• SOURCE DATA:
++++++++

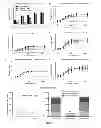 Fig. 08 - Systemic gene replacement therapy for treatment of X-linked myotubular myopathy (XLMTM)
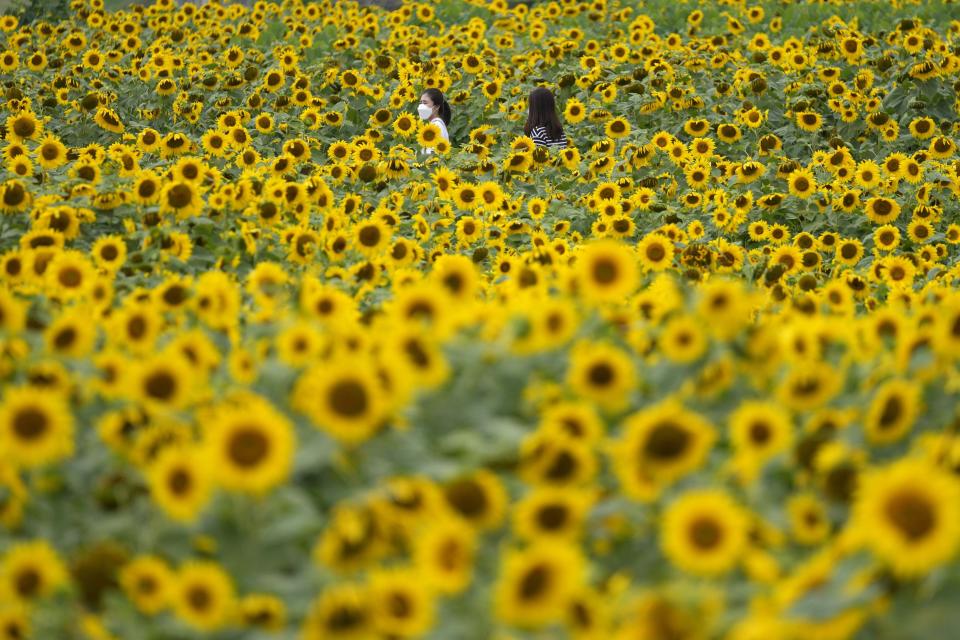 Visitors wearing face masks as a precaution against the coronavirus, walk through a sunflower field during the lunch break in Paju, South Korea, Thursday, July 1, 2021. (AP Photo/Lee Jin-man)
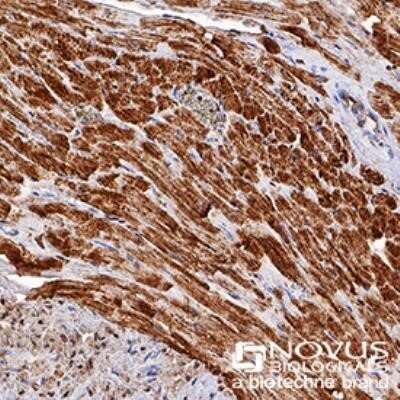 Immunohistochemistry: Cytochrome c Antibody (7H8.2C12) - Azide and BSA Free [NBP2-80686]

++++++++

• EXERCISE AIM: Leaving out the pictures, reproduce the whole listing above exactly.

• RESULT FOR THIS TASK:
 Fig. 08 - Systemic gene replacement therapy for treatment of X-linked myotubular myopathy (XLMTM)
 Visitors wearing face masks as a precaution against the coronavirus, walk through a sunflower field during the lunch break in Paju, South Korea, Thursday, July 1, 2021. (AP Photo/Lee Jin-man)
 Immunohistochemistry: Cytochrome c Antibody (7H8.2C12) - Azide and BSA Free [NBP2-80686]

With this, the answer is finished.